Elle se veut originale en utilisant les codes de l’horreur mais là encore, c’est un échec cuisant. Certes, on y trouve quelques scènes gores qui feront tourner le regard des âmes les plus sensibles mais rien de terrifiant au point de couper l’écran. Il y a bien un peu de sang et quelques scènes angoissantes mais encore une fois, la sauce ne prend pas.
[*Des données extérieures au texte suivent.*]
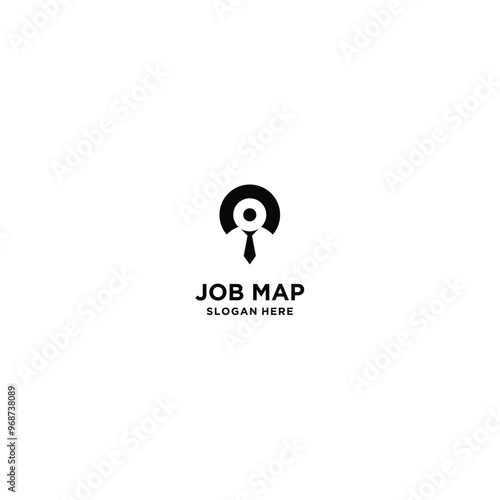 Job Map Logo Design Stock Vector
Des personnages superficiels et apathiques

Côté personnages, on décèle du potentiel mais jamais la série ne prend le temps de s’attarder sur eux. Impossible de s’y attacher dans ce contexte. Karl D’Branin est le seul dont le passé est un peu exploré, ce qui dessine le portrait d’un homme dévasté par la mort de sa fille. Il est l’un des seuls dont on réussit à obtenir des souvenirs précis de sa vie sur Terre mais son comportement est si décousu qu’il est difficile de se rallier à sa cause. Il y a bien quelques moments poignants mais aucun personnage n’arrive à susciter une réelle émotion.

Encore une fois, c’est dommage. L’intensité dramatique ne tient pas ses promesses. Les personnages manquent d’épaisseur. De plus, l’hypersexualisation des femmes et notamment de Mel aura tendance à titiller les plus féministes. Une fois de plus, on a le cliché de la femme vitrine. Elle pourrait avoir un rôle plus profond mais non, on préfère la montrer dans le plus simple appareil en train de faire chavirer les cœurs aussi bien de la gente masculine que féminine. Le fait qu’elle soit une super-humaine ? Secondaire, les explications sont bâclées en dix minutes. Encore un loupé.

La série essaye d’enfiler tout un tas de masques différents sans jamais que l’on y adhère réellement. Peut-être a-t-elle été trop ambitieuse ? Nightflyers est une série de science-fiction qui se veut différente de toutes les autres mais ne convainc pas. La saison 1 se finissant sur un cliffhanger, on espère que la (probable) saison 2 saura combler tous les vides laissés par ces premiers épisodes. La saison 1 manque le coche mais espérons que la saison 2 saura sauver les meubles.

Notre avis

Mitigé. C’est le mot qui semble convenir le mieux à la fin du visionnage de cette première saison. Non, ce n’est pas du niveau de Game of Thrones mais on ne peut pas gagner à tous les coups, n’est-ce pas ? La série a du potentiel mais n'a, pour l'heure, pas su tenir toutes ses promesses. On lui reproche notamment sa tendance à vouloir toucher à tout sans prendre le temps d'aller au fond des choses. La tonalité générale de la série n’est pas mauvaise mais il lui manque une cohésion certaine pour arriver à convaincre son public. En bref, cette saison 1 nous laisse sur notre faim sans vraiment laisser de goût de « revenez-y ».